Study: Vitamins, Minerals May Prevent Hearing Loss
November 10, 2008
ANN ARBOR, Mich.—A University of Michigan study on guinea pigs suggests that a combination of high doses of vitamins A, C and E, and magnesium, taken one hour before noise exposure and continued as a once-daily treatment for five days was effective at preventing permanent noise-induced hearing loss.
Researchers say the findings may help prevent hearing loss in war zones, concert halls and workplaces. Clinical trials of a hearing-protection tablet or snack bar for humans could begin soon and, if successful, such a product could be available in as little as two years, said Josef M. Miller, PhD, senior author of the study, which is published online in the journal Free Radical Biology and Medicine.
Miller is a professor in the Department of Otolaryngology at the U-M Medical School, and former director of the U-M Health System’s Kresge Hearing Research Institute, where the study was performed.
Convinced by emerging evidence that nutrients can effectively block inner-ear damage caused by excessive free-radical activity, Miller has launched a U-M start-up company, OtoMedicine, that is developing the vitamin-and-magnesium formulation.
“These agents have been used for many years, but not for hearing loss. We know they’re safe, so that opens the door to push ahead with clinical trials with confidence we’re not going to do any harm,” he said.

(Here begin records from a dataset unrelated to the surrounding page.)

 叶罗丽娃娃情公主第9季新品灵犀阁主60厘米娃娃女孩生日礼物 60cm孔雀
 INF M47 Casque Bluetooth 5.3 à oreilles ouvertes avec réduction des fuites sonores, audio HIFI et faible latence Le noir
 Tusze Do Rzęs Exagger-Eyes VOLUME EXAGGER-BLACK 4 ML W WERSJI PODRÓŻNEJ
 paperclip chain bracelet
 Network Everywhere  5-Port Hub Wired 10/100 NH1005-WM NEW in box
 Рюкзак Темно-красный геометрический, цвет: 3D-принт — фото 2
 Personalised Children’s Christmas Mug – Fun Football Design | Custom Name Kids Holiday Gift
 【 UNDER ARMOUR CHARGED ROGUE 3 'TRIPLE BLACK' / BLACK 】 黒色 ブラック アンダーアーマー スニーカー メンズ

The formulation used for the study were based on results of earlier animal studies showing that single antioxidant vitamins were somewhat effective in preventing hearing loss, and on studies of Israeli soldiers given magnesium many days prior to exposure, who gained relatively small protective effects.

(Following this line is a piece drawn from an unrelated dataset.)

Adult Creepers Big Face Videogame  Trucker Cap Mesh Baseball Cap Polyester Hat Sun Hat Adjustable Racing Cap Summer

In the U-M study, noise-induced hearing loss was measured in four groups of guinea pigs treated with the antioxidant vitamins A, C and E, magnesium alone, an ACE-magnesium combination, or a placebo. The treatments began one hour before a five-hour exposure to 120 decibel (dB) sound pressure level noise, and continued once daily for five days.

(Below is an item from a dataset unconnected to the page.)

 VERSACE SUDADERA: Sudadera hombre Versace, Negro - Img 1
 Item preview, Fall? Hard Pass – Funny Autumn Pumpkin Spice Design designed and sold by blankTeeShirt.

The group given the combined treatments of vitamins A, C and E and magnesium showed significantly less noise-induced hearing loss than all of the other groups.
“Vitamins A, C and E and magnesium worked in synergy to prevent cell damage,” explained Colleen G. Le Prell, PhD, the study’s lead author and a research investigator at the U-M Kresge Hearing Research Institute. According to the researchers, pre-treatment presumably reduced free radicals that form during and after noise exposure and noise-induced constriction of blood flow to the inner ear, and may have also reduced neural excitotoxicity, or the damage to auditory neurons that can occur due to overstimulation. The post-noise nutrient doses apparently “scavenged” free radicals that continue to form long-after after this noise exposure ends.